Um ein Pferd mit Sitzhilfen reiten zu können, brauchen wir jedoch vor allem auch das Körperbewusstsein unserer rechten Hirnhälfte. Wir brauchen ihre Fähigkeit, den eigenen Körper als „unbegrenzt“ wahrzunehmen, um mit der Pferdebewegung eins werden zu können. Das Fahrradfahren kann nochmals als Beispiel dienen, um das Zusammenspiel von linker und rechter Hirnhälfte beim Erlernen von komplexen Bewegungen zu verdeutlichen: Wir können uns die theoretischen Kenntnisse aneignen, wie Fahrradfahren funktioniert (linke Hirnhälfte), aber um tatsächlich Fahren zu lernen, müssen wir spielerisch die Balance finden zusammen mit dem externen Objekt Fahrrad – wir brauchen die Fähigkeit der rechten Hirnhälfte zur erweiterten Körperwahrnehmung.

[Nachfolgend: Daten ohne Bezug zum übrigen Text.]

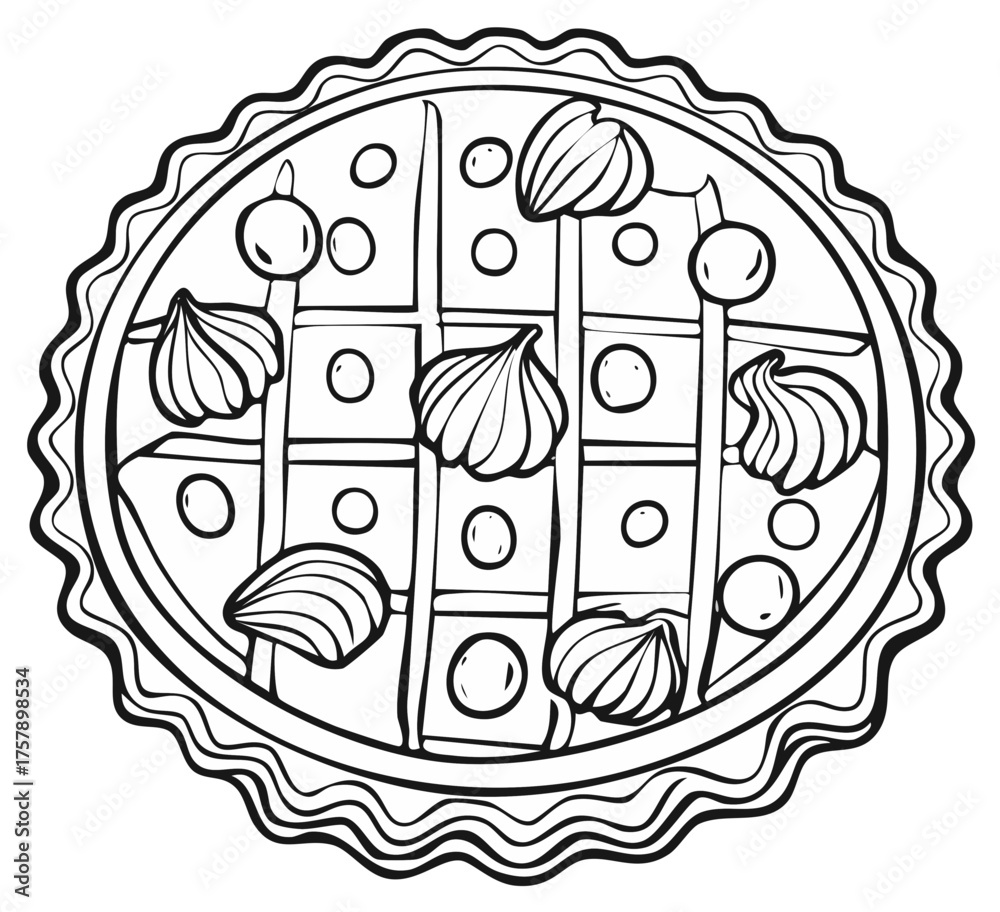 Fototapeta premium Outline drawing of a pie with meringue topping and berry decoration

Die folgenden Kapitel bieten viel theoretisches Wissen für die linke Hirnhälfte. Wenn es Ihnen gelingt, diese Modelle und Vergleiche als „bewegte Bilder“ vor Ihrem inneren Auge zu visualisieren, hat ihre rechte Hirnhälfte „verstanden“. Wenn Sie auf dem Pferd sitzen – vergessen Sie die Theorie und geben sich stattdessen dem Glücksgefühl der gemeinsamen Bewegung hin. So geben Sie ihrer rechten Hirnhälfte die Leitung im Team der neuronalen Steuerung und werden offen für das Fühlen einer Bewegungssymbiose mit dem Pferd.
Ehrgeiz, Vergleiche und Trainingspläne dagegen übergeben die Kontrolle der linken Hirnhälfte. Reiten als sportlicher Konkurrenzkampf unterdrückt die empathische rechte Hirnhälfte und damit das Gefühl des Einswerdens mit dem Pferd.